G.S. Megas Alexandros Thessaloniki
- Full name: Gymnastikos Syllogos Megas Alexandros (Gymnastic Club Alexander the Great)
- Nicknames: Μέγας (The big) Καμινίκια (Kaminikia)
- Founded: 1923; 103 years ago
- Ground: Megas Alexandros Ground
- Capacity: 1,000
- Owner: Vasilios Gountziouris
- Manager: Ilias Galanopoulos
- League: Macedonia FCA Second Division
- 2025–26: Macedonia FCA Third Division (Group 3), 1st (promoted)
- Website: http://www.megasalexandrosfc.gr/
| Home colours |

= G.S. Megas Alexandros Thessaloniki =

G.S. Megas Alexandros Thessaloniki (Greek: Γ.Σ. Μέγας Αλέξανδρος) is a multi-sport club that is located in the district of Dépôt, in the city of Thessaloniki, Greece.
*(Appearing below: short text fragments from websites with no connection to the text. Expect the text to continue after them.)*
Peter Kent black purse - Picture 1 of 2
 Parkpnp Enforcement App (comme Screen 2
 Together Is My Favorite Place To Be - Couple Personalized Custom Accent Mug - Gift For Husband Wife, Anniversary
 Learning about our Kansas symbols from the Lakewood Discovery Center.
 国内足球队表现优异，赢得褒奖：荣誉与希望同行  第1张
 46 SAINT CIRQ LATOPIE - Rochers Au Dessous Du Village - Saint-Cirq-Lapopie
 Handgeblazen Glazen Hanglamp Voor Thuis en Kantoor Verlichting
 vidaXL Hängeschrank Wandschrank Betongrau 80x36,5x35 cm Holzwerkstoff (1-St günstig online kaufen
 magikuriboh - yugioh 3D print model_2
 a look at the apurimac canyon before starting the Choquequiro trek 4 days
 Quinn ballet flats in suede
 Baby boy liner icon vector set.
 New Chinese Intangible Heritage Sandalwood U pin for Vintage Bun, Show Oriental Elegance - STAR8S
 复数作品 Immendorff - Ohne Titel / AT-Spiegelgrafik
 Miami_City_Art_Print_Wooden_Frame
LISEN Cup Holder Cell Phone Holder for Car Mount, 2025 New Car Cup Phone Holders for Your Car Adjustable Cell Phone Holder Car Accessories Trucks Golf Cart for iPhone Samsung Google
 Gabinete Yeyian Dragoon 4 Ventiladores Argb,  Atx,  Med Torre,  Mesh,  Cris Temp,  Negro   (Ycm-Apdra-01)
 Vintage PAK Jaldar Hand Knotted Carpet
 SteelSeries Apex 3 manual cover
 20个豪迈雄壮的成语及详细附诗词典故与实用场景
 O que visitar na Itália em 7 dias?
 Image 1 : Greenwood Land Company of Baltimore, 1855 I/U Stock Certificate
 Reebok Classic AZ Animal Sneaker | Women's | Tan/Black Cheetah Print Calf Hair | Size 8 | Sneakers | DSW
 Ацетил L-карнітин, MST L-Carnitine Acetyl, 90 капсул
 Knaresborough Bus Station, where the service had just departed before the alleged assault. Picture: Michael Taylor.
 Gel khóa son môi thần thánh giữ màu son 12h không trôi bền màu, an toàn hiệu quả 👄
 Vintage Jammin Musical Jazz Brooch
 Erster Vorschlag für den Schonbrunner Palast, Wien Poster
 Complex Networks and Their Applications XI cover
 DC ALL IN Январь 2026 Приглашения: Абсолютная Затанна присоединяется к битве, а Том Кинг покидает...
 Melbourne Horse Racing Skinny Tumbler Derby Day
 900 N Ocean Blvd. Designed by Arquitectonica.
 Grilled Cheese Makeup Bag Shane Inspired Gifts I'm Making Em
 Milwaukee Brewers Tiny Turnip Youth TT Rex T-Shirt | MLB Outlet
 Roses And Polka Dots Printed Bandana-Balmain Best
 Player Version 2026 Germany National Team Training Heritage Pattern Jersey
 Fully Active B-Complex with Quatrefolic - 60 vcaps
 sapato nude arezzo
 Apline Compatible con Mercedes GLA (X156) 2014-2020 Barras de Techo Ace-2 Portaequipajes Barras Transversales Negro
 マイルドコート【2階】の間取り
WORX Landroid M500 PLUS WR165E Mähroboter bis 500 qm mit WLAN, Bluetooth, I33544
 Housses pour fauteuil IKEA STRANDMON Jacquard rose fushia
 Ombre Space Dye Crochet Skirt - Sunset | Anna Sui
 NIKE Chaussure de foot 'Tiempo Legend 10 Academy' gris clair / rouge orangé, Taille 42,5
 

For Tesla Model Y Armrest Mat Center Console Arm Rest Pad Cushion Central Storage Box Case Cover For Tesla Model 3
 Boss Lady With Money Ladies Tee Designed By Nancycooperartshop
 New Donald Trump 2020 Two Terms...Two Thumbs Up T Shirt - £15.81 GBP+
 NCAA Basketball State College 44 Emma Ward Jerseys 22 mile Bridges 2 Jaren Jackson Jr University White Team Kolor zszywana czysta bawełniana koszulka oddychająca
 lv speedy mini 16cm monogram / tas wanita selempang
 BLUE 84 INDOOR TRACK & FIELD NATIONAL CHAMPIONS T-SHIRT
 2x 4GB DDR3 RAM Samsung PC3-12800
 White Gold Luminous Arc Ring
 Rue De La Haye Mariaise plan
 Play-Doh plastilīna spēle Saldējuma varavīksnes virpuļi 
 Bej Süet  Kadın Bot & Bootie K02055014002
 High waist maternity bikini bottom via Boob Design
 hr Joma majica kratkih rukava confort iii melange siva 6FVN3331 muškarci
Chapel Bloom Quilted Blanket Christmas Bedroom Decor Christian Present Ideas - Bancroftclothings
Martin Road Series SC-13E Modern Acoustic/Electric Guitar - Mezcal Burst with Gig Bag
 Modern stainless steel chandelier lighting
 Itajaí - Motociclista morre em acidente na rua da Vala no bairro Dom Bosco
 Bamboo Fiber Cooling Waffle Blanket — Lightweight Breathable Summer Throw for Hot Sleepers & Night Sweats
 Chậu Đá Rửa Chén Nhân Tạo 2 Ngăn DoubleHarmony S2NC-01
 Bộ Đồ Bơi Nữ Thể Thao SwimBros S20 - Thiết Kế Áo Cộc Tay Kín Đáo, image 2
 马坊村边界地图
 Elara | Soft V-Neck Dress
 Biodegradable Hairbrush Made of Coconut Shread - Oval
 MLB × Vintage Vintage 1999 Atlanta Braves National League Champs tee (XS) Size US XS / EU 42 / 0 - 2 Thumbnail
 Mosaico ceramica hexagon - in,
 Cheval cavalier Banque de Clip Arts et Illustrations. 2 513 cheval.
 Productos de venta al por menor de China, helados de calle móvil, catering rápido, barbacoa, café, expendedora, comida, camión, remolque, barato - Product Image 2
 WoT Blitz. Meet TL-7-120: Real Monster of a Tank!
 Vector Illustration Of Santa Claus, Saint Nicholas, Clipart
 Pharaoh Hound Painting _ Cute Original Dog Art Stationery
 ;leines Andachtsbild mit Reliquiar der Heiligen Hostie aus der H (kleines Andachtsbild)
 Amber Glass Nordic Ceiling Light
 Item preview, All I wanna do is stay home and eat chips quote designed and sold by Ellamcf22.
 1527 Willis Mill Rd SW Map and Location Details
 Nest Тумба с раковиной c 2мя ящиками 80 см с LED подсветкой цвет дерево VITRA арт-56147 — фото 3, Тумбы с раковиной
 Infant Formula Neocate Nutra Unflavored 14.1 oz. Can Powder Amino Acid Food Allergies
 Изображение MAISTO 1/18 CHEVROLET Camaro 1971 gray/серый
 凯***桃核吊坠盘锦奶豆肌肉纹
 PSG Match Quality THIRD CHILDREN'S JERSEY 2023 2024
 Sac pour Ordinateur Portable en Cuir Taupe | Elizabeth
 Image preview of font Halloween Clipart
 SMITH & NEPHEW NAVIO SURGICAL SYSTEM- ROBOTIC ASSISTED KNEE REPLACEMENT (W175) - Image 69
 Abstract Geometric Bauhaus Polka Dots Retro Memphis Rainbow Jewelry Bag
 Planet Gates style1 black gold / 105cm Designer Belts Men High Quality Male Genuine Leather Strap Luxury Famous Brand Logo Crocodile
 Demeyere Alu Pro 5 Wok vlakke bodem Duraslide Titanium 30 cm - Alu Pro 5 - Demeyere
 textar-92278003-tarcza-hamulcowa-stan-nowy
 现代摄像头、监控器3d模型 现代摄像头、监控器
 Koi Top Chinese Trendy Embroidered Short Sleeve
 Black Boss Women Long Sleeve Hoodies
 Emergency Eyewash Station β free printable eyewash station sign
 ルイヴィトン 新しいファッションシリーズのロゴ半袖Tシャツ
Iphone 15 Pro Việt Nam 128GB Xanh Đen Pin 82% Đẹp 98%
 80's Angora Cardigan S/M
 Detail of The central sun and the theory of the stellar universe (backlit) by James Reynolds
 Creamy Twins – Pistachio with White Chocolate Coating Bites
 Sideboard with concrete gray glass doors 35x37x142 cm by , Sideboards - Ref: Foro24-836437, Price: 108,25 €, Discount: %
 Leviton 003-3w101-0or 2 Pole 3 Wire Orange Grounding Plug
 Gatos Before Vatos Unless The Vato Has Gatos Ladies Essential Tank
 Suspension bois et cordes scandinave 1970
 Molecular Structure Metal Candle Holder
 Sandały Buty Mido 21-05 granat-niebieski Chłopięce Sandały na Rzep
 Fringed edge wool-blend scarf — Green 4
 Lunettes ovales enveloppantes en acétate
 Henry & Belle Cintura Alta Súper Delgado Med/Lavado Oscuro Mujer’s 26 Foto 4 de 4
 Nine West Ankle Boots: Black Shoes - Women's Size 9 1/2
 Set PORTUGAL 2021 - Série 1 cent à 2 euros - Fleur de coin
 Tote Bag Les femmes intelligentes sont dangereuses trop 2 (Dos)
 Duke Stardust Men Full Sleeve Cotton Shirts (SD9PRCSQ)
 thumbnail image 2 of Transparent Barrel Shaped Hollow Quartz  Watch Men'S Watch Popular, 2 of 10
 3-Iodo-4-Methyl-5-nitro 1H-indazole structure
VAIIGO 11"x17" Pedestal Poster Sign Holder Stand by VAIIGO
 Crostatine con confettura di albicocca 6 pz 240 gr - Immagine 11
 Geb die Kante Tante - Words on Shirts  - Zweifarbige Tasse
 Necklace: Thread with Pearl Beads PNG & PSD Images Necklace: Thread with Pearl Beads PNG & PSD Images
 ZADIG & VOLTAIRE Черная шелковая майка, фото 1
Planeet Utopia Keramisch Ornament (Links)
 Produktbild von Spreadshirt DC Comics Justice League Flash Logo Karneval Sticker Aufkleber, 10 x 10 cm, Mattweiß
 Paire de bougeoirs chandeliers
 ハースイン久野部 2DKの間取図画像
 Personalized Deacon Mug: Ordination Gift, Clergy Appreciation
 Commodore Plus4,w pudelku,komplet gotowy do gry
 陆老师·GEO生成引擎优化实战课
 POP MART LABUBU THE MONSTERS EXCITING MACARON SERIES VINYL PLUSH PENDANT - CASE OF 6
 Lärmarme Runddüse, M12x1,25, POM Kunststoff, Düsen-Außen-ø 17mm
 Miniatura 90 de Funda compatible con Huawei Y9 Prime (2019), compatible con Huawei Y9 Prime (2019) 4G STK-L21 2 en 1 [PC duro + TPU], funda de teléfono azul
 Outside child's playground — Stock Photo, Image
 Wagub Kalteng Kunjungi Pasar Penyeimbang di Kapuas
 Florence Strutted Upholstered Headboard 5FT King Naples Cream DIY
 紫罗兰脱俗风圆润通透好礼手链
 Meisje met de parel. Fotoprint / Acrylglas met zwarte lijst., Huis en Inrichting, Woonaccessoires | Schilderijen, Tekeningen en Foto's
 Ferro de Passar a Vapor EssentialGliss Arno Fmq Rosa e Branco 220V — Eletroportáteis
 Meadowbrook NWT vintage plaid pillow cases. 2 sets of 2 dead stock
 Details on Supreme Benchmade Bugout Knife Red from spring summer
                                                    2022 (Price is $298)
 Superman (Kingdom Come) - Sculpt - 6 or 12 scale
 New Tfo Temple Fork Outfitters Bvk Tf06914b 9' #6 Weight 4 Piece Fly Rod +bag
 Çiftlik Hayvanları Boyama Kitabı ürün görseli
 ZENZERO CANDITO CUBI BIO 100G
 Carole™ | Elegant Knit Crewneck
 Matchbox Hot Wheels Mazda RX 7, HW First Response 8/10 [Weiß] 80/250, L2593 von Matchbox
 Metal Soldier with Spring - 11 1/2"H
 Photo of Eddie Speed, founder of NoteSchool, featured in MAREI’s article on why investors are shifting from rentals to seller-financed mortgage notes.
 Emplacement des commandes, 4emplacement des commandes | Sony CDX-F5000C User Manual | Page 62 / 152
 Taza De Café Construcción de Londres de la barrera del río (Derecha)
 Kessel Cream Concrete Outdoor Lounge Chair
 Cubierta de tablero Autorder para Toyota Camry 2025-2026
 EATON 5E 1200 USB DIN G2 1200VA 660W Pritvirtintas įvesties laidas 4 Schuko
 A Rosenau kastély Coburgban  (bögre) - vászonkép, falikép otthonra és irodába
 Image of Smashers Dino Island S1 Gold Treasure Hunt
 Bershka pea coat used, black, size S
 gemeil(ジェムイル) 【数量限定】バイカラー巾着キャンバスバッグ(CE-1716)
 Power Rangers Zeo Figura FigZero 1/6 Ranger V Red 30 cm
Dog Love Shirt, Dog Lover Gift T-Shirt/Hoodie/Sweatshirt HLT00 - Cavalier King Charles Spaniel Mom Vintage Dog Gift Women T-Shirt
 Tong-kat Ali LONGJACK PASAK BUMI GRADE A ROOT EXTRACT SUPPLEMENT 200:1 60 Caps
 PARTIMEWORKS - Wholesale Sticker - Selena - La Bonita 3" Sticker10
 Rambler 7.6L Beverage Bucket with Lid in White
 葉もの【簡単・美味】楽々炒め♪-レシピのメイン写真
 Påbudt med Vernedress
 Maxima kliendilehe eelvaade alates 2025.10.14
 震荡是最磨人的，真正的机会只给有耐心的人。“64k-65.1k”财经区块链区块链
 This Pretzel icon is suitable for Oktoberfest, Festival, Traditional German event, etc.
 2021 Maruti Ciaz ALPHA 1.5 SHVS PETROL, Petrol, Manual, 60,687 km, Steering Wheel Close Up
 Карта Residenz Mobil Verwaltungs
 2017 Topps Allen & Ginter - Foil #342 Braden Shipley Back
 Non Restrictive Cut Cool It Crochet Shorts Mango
The club's full name is Gymnastikos Syllogos Megas Alexandros (Γυμναστικός Σύλλογος Μέγας Αλέξανδρος). It retains sporting departments in basketball, fencing, football, volleyball, and olympic weightlifting. The club's colours are red and black, and its emblem is an image of Alexander the Great.

==History==
The multi-sport club of G.S. Megas Alexandros Thessaloniki was founded in 1923. The club's men's football team participated in the Panhellenic Championships of 1932–33, 1933–34, and 1934–35. In those seasons, it failed to win any titles.The basketball and volleyball divisions of the club became its primary focuses in the ensuing decades, particularly their respective sports academies.